RCNet is a .net machine learning library providing the reservoir computing methods freely available for .net developers.
Two main reservoir computing methods are called Echo State Network (ESN) and Liquid State Machine (LSM). RCNet supports both of these methods. However, since ESN and LSM are based on very similar principles, RCNet brings the option to combine them at the same time which could open up new interesting possibilities. This general implementation is called "State Machine" in the context of RCNet.

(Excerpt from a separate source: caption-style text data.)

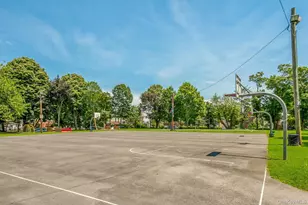 24 Magnolia Pl, Bronx, NY 10465 - Photo 38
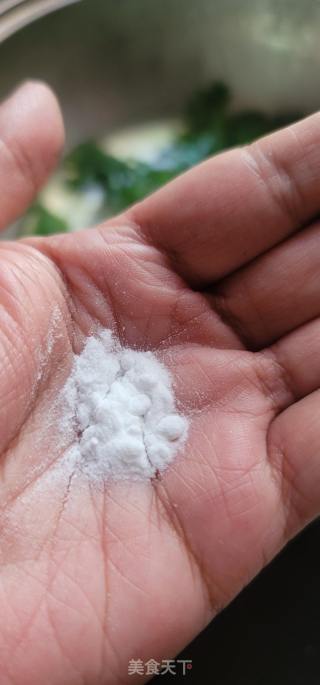 红豆沙艾草糯米饼的做法步骤：3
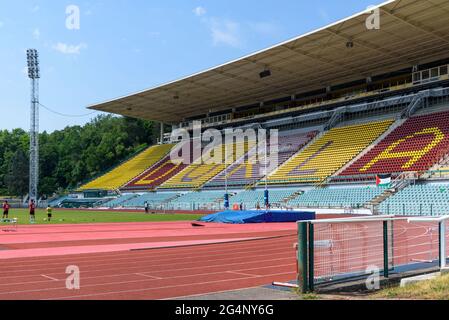 Prag, Tschechische Republik. Juni 2021. Hauptstand des Na Juliska-Stadions von Dukla Prag, Tschechische Republik. Kredit: SPP Sport Pressefoto. /Alamy Live News Stockfoto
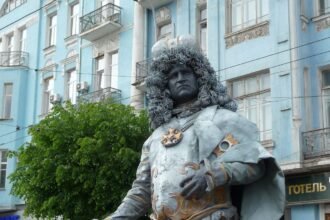 Urban Renewal Projects: Transforming Old Buildings into Modern Condos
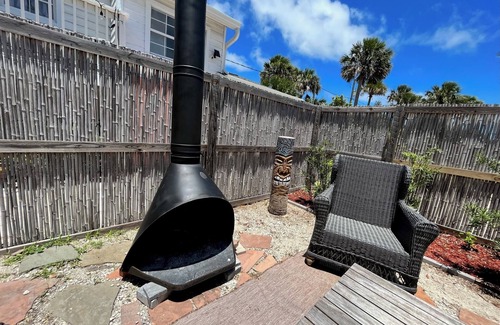 Boardwalk Apartment | Refreshing & cozy beach bungalow, 3 minutes to beach & 10 minutes to Flagler!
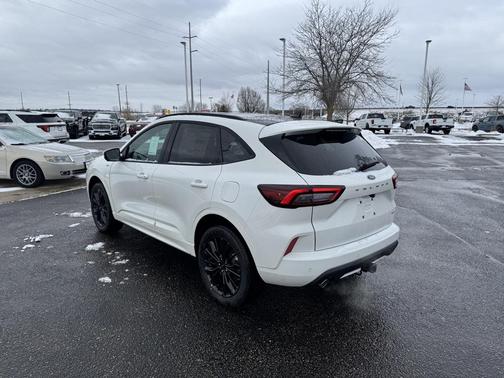 2026 Ford Escape ST-Line Elite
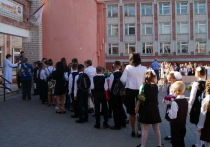 По предварительным прогнозам, в первые классы школ Марий Эл в 2025/26 году пойдут 7300 детей.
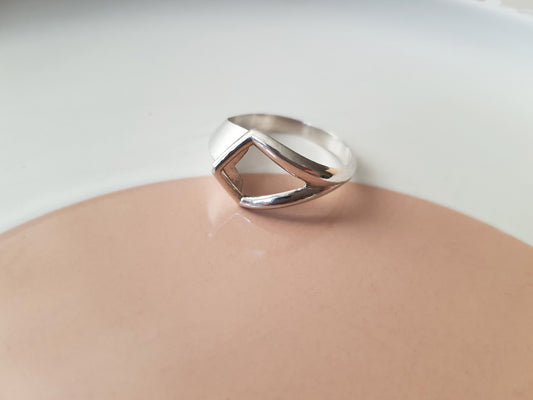 The Art of Geometric Jewelry: Design, History, and Modern Style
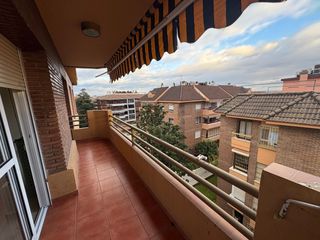 Rent Flat in El Brillante -El Naranjo - El Tablero. Piso exterior en zona camping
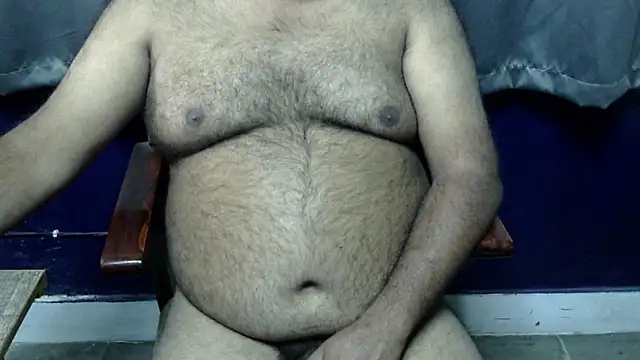 hairysubcub 70 online show from 11/28/25, 05:21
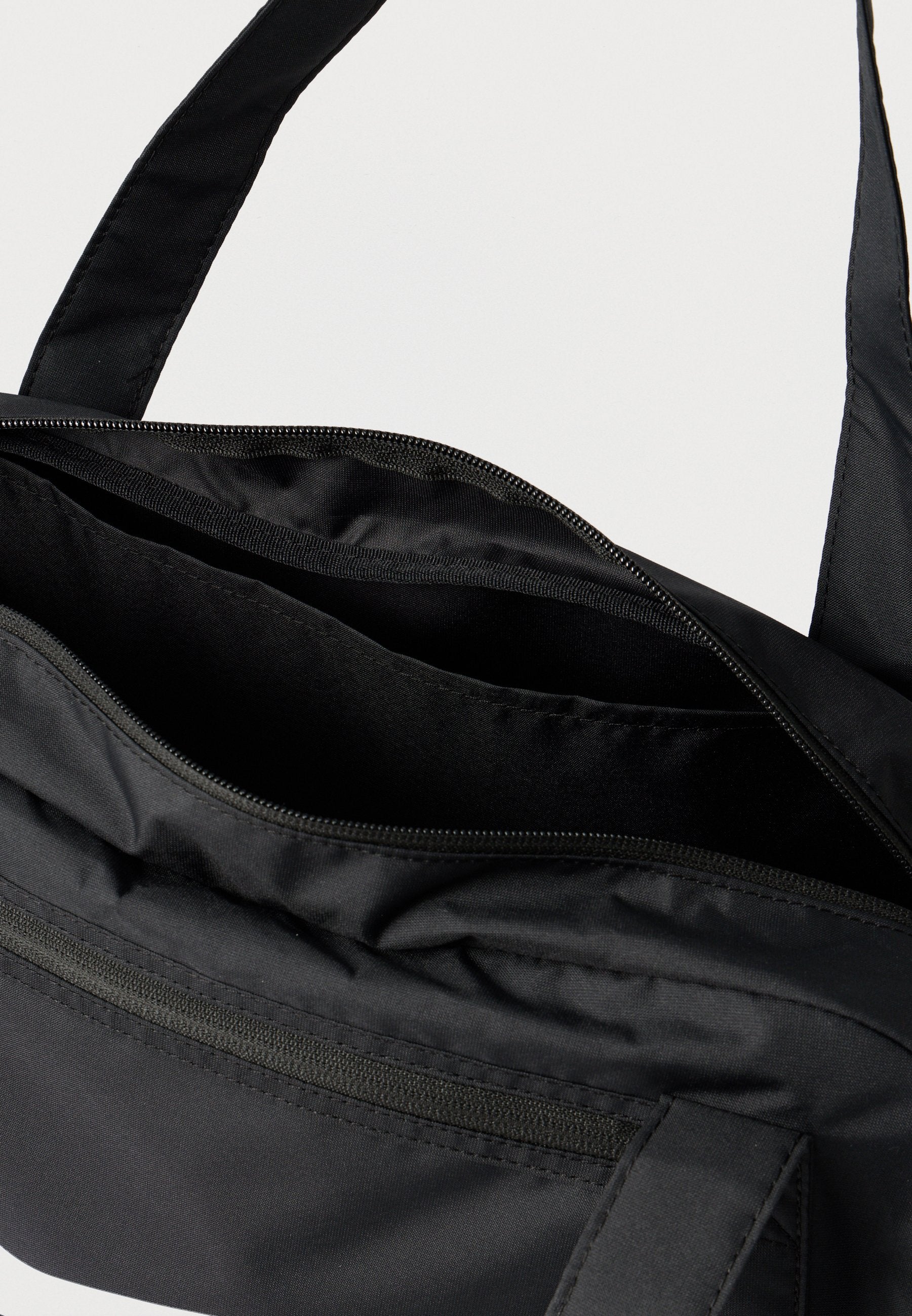 GYM CLUB BAG - Sports bag - black/white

RCNet honors the following implementation rules:

• Independence. RCNet should have all the functionality implemented internally
• Simplicity. Inheritance, polymorphism and interfaces are used only where it is really needed. The simplicity of the code is preferred
• Source code standards. The standard naming convention is used (the only exception is that the fields have an underscore prefix). Source code should be fully commented for easy understanding
• Component design. Wherever it is reasonable, the solution should be decomposed into generic and reusable components
• Xml parameterization. Every component that is a part of the StateMachine has its own related settings class providing validated initialization parameters. Every settings class has to have defined initialization xml element type in RCNetTypes.xsd and implemented constructor accepting initialization xml element of that type. Every settings class also has to implement non-xml constructor and to provide initialization xml element through GetXml method
• Serializability. All components that are required for StateMachine operation must be serializable
• Parallel processing. Where appropriate, parallel processing should be implemented to achieve better performance

Reservoir Computing conceptual view

Recurrent neural networks (RNNs) are very well suited for time-dependent data processing such as

• Time series forecasting (univariate, multivariate)
  • Based on historical curve, forecast its next evolution
  • Based on real time micro-movements of the car in the parallel lane, what is the probability that a driver will turn this car into my lane in the next 3 seconds?
  • ...
• Time series classification (univariate, multivariate)
  • Based on EEG data, recognize coming epileptic seizure
  • Based on voice data, recognize speaker's emotion
  • ...

Reservoir computing makes it possible to use the benefits of the recurrent network very efficiently. Efficiency lies in the fact that the weights of synapses within the recurrent network (called reservoir) are randomly chosen at the beginning and in contrast with traditional training methods for RNNs, there is no need of any further expensive supervised training of the recurrent network to find weights solving given problem. Only the Readout layer needs to be trained. Most often very simply, by fast linear regression.

Figure explanation

• External input data is continuously pushed into the reservoir through input neurons (yellow balls). Input neuron is very simple, it only mediates external input for input synapses (yellow arrows) delivering input to the reservoir's hidden neurons (blue balls interconnected by blue arrows). Each pushed input data starts recomputation cycle of the reservoir.
• During the recomputation cycle is computed new state of each hidden neuron. Activation function of the hidden neuron gets the summed weighted outputs from connected input neurons and other hidden neurons and computes the new state and output of the hidden neuron. Randomly recurrently connected hidden neurons thus do the nonlinear transformation of the input and provide rich dynamics of hidden neuron states. After the recomputation cycle, the historical and current input data are described by the current state of the reservoir hidden neurons.
• Hidden neurons provide so-called predictors. Predictors are periodically collected (mostly after each recomputation cycle) and sent to the readout layer to compute desired output.

Synapse

Synapse always interconnects two neurons and does the unidirectional transmission of weighted signal from source (presynaptic) neuron to target (postsynaptic) neuron. If the signal is always weighted by a constant weight, we are talking about a static synapse. If the weight changes over the time depending on dynamics of connected neurons, we are talking about a dynamic synapse. Synapse can also delay the signal, usually proportionally to the length of the synapse.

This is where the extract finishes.